## INSTRUCTIONS FOR THE TASK
Only the lines below from the one containing "Kemp USA Maxi" through the one containing "DongShuiMen cable bridge" belong in the answer, set down exactly, with the pictures left out.

## DATA SUPPLIED
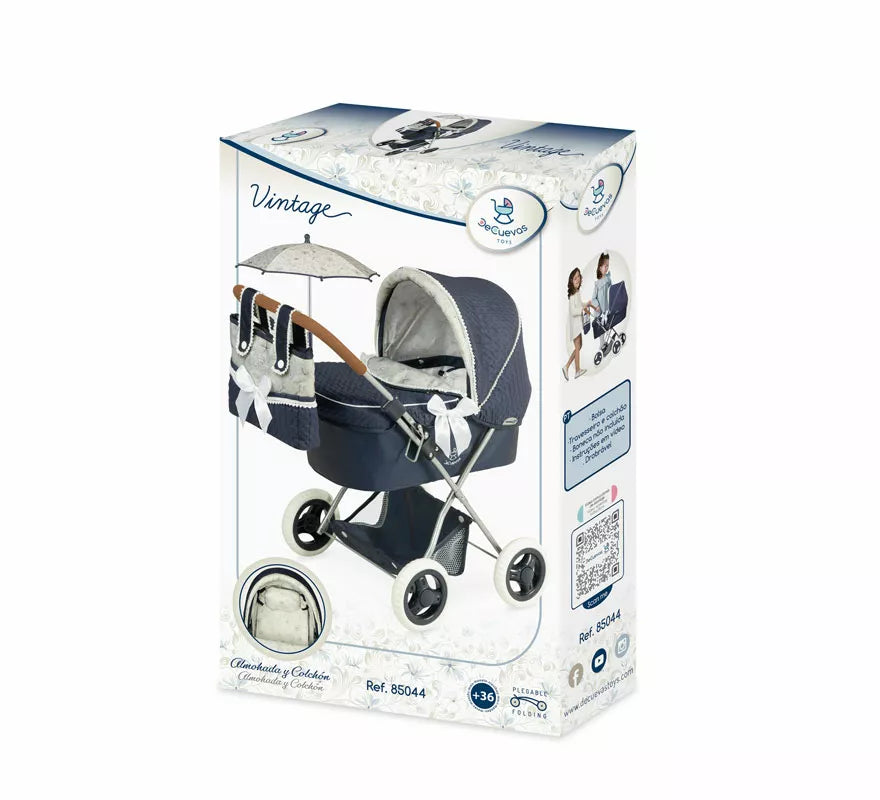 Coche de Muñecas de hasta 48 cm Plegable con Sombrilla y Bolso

* * *

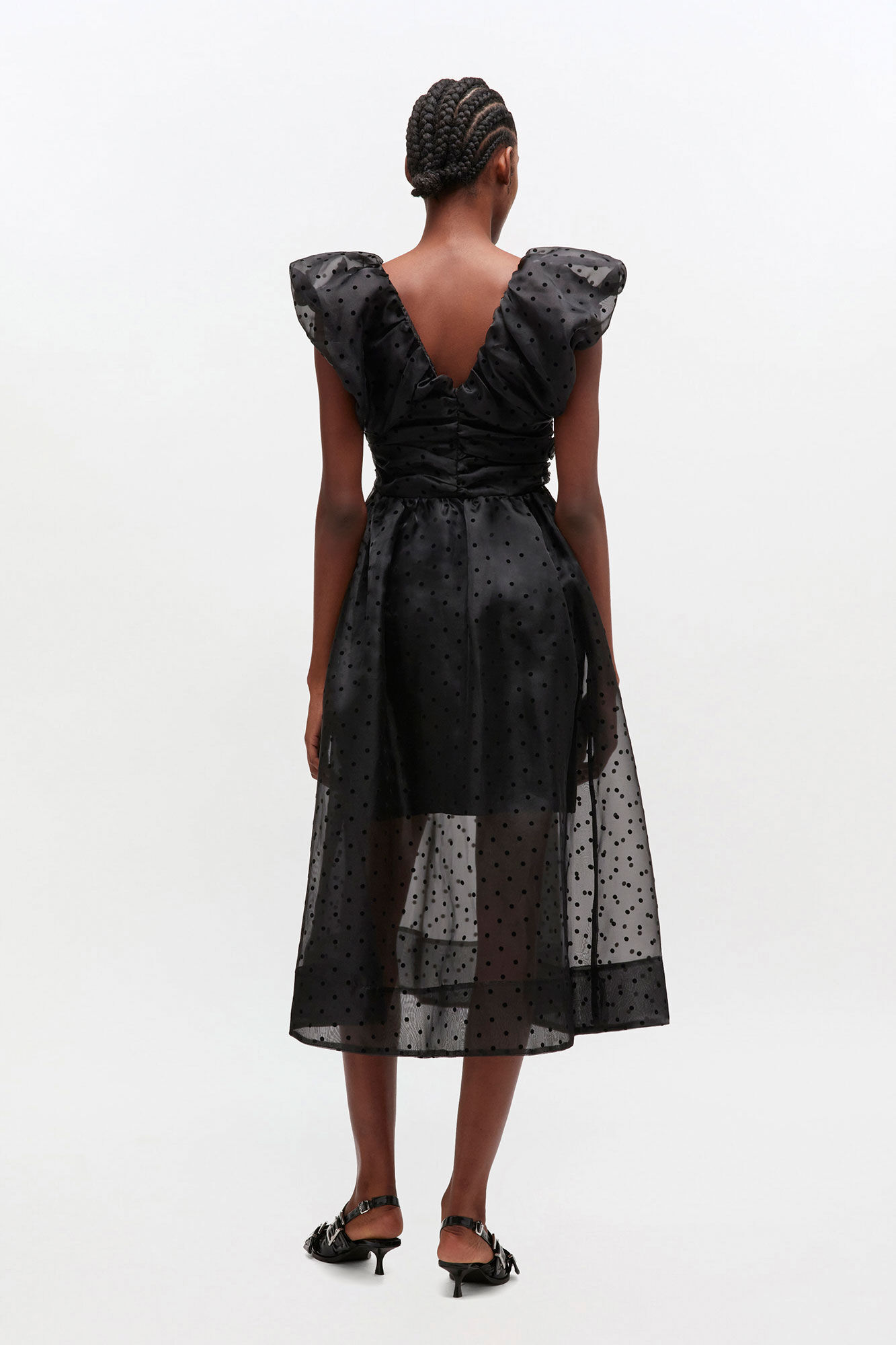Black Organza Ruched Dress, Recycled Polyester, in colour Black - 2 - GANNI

* * *

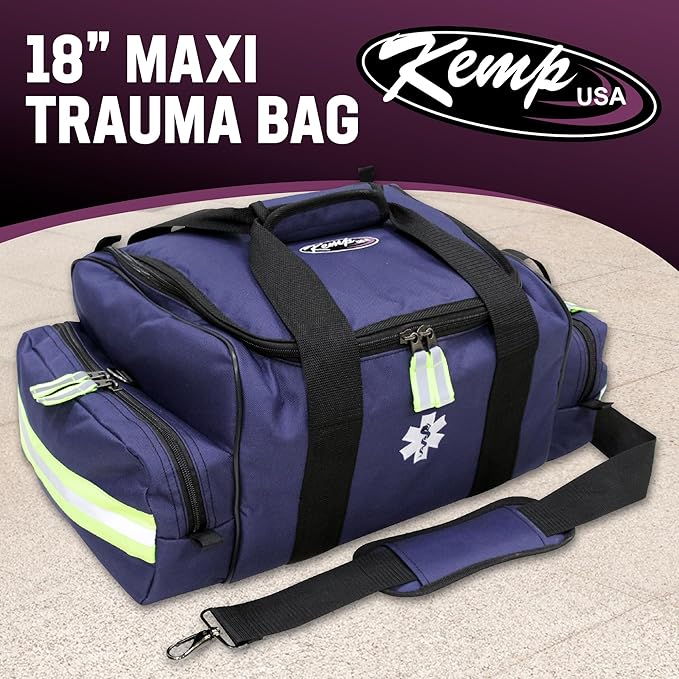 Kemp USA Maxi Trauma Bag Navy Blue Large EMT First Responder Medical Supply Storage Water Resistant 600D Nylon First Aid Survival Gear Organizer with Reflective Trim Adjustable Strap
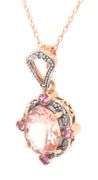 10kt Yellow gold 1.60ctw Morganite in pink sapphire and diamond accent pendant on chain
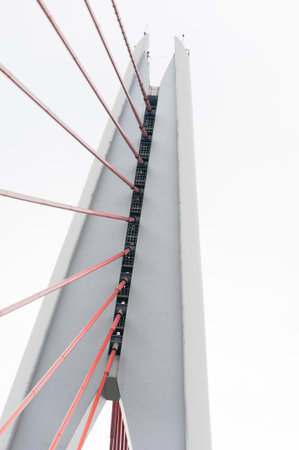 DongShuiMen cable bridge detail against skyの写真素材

## YOUR RESPONSE
 Kemp USA Maxi Trauma Bag Navy Blue Large EMT First Responder Medical Supply Storage Water Resistant 600D Nylon First Aid Survival Gear Organizer with Reflective Trim Adjustable Strap
 10kt Yellow gold 1.60ctw Morganite in pink sapphire and diamond accent pendant on chain
 DongShuiMen cable bridge detail against skyの写真素材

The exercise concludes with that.